RENEWAL APPLICATION FOR APPROVAL
AS A WORKPLACE REHABILITATION PROVIDER

 

 

INTRODUCTION

The Heads of Workers Compensation Authorities (HWCA) endorsed a nationally consistent framework for the approval of workplace rehabilitation providers which commenced on 1 July 2010. Refer to the HWCA document “Guide: Nationally Consistent Approval Framework for Workplace Rehabilitation Providers”.

 

IMPORTANT INFORMATION

This application must be lodged by workplace rehabilitation providers wishing to apply for a renewal of an Instrument of Approval.

An application must be submitted to each workers compensation authority in which renewal of approval is sought, and be accompanied by the prescribed fee where appropriate. Providers should refer to the appropriate workers compensation authority to obtain relevant details applicable to that jurisdiction.

If an application is not submitted or approved the provider’s approval will cease at the end of the three-year approval period (usually 30 June of the third year).

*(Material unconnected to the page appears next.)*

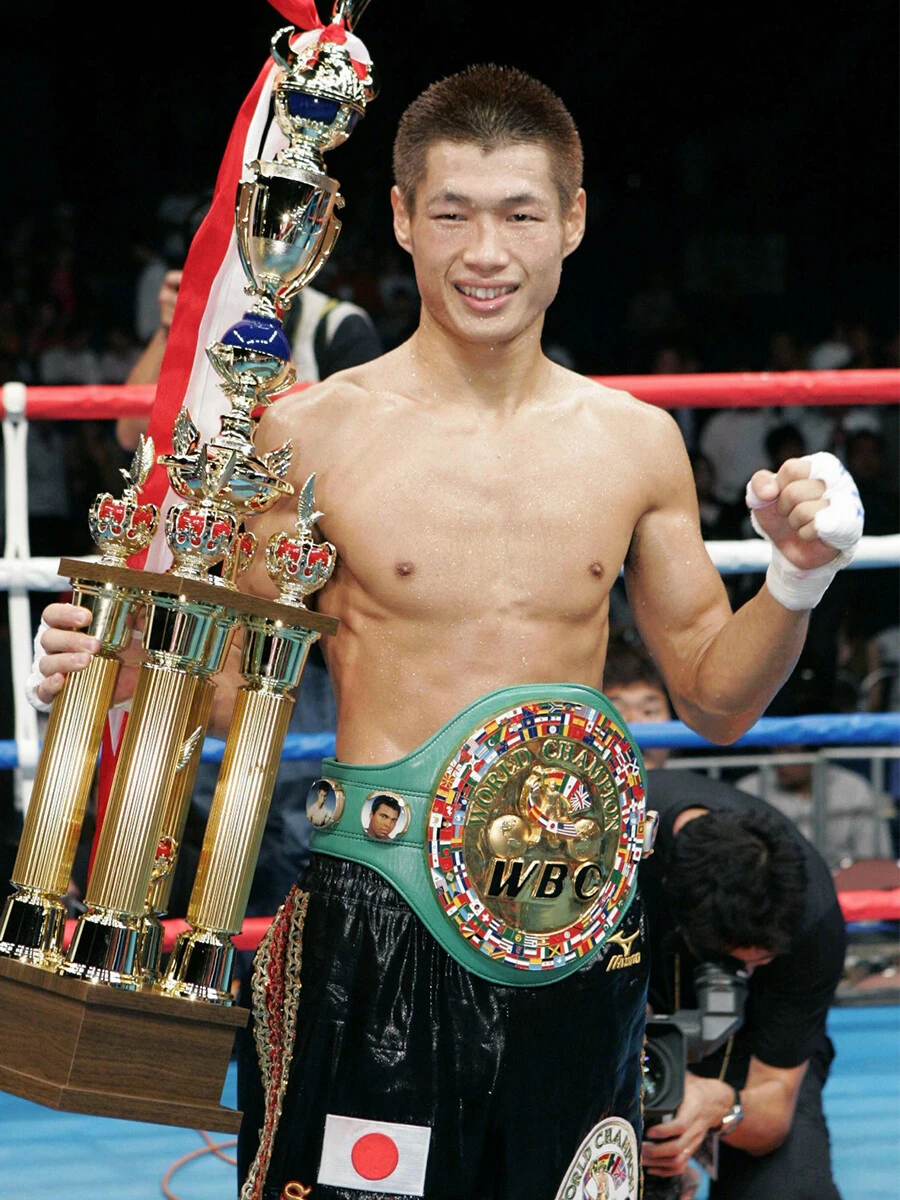 長谷川穂積は世界王者として数々の偉業と記憶に残る戦いを見せた photo by Kyodo News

The workers compensation authority may request further information in writing from the provider. The workers compensation authority may also liaise with other workers compensation authorities, where the provider delivers workplace rehabilitation services, to exchange information about the application.

The workers compensation authority will approve a renewal application where it is satisfied the provider:

·         meets the criteria for approval and renewal of approval;

·         has demonstrated compliance with the operational standards in force since the applicant was initially approved or last renewed; and

·         is likely to comply with the operational standards in force with effect from the renewal date. 

The approved provider will be issued an Instrument of Approval for a 3-year period, until 30th June of the third year.

If an application does not conform to criteria for approval, criteria for renewal and operational standards, the provider will be requested to submit further information. If the information does not address the non-conformance, then the application is considered to be unsuccessful.

If an application is unsuccessful, the provider will be advised of the reasons for this decision and the process for appeal.

Providers who are unsuccessful are not eligible to reapply for approval unless it can be demonstrated to Comcare’s satisfaction, that the reasons for non approval no longer exist.

During the 3-year approval period, the workplace rehabilitation provider will participate in annual self-evaluations and any independent evaluations as required by the workers compensation authority to determine conformance with the Conditions of Approval.


INFORMATION TO COMPLETE THE APPLICATION

An application must be submitted by 31 December before the expiry of the three-year approval period, unless otherwise advised by the workers compensation authority.

Incomplete applications will be returned to the provider.

If there is insufficient space on the application form to complete a response, attach additional information identifying the question to which the response relates.

The provision of false or misleading information is a serious offence and will nullify the Instrument of Approval and this application.

 

 

APPLICATION CHECKLIST

Please ensure you have completed the following sections:

  PART A - business ownership details including association or connection with other organisations which supply services within the workers compensation industry

  PART B - Documentation demonstrating conformance with the Conditions of Approval, including:

  Latest Self Evaluation report

  Cases of workplace rehabilitation in each 12 month period

  RTW rates- Same and New employer

  RTW durability rate

  PART C – Jurisdiction Specific information-Any other documentation requested by the workers compensation authority (where applicable)

 Appendix 1 - A signed Statement of Commitment to the Conditions of Approval

  Appendix 2 - A signed Statement of Commitment to the Code of Conduct for Workplace Rehabilitation Providers

 Appendix 3 - A signed Self Evaluation Declaration of Conformance

  Appendix 4- Current staff details completed for each site where workplace rehabilitation services may be delivered (one sheet per site)

  Payment of the prescribed fee, where appropriate.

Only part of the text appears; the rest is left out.